▶ Exercise details
Below are records with pictures; copy word for word only the lines between the line with "Meet your Posher, Edith" and the line with "Tiny photo for", inclusive, and drop the pictures.

▶ Provided records
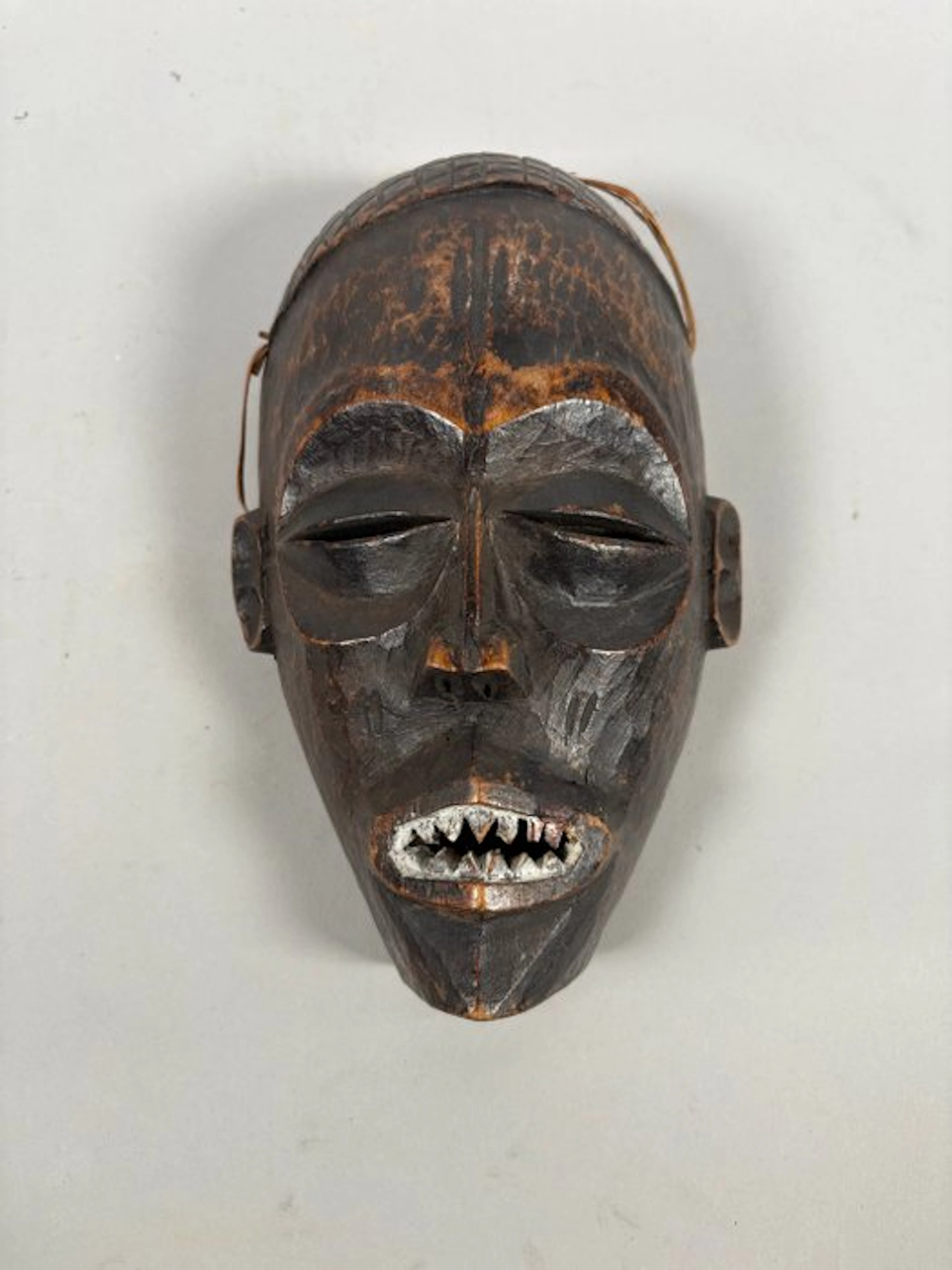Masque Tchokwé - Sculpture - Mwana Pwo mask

...

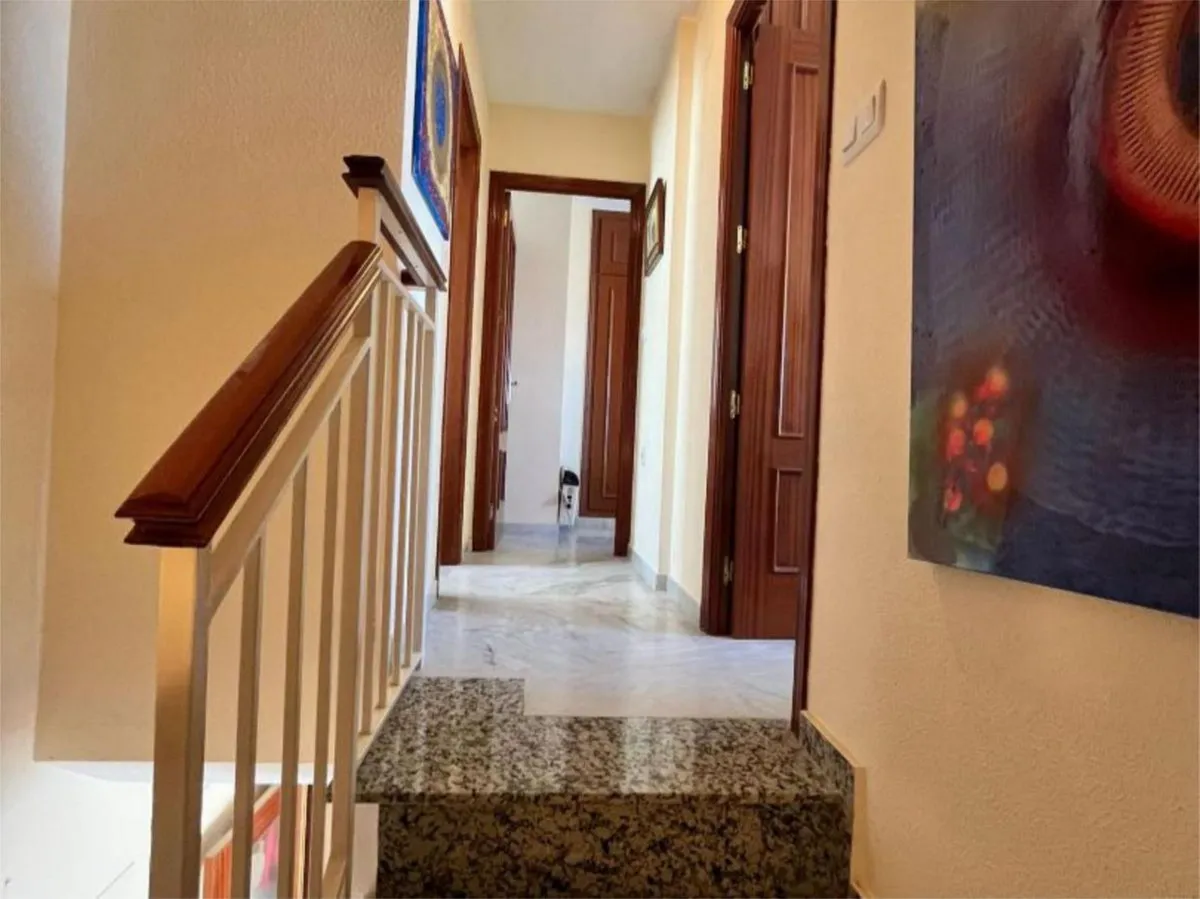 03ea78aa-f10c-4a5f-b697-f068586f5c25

--

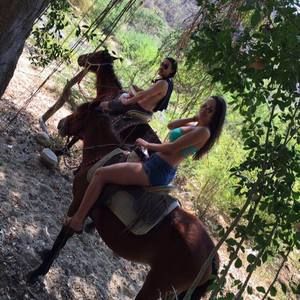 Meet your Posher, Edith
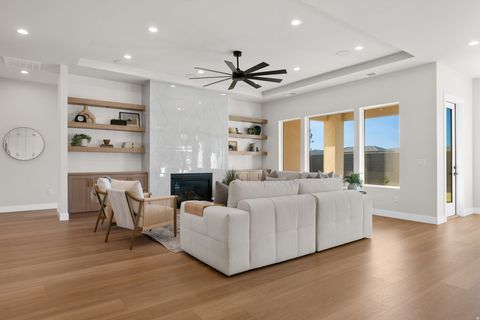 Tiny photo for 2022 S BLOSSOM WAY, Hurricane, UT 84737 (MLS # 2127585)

▶ Response below
 Meet your Posher, Edith
 Tiny photo for 2022 S BLOSSOM WAY, Hurricane, UT 84737 (MLS # 2127585)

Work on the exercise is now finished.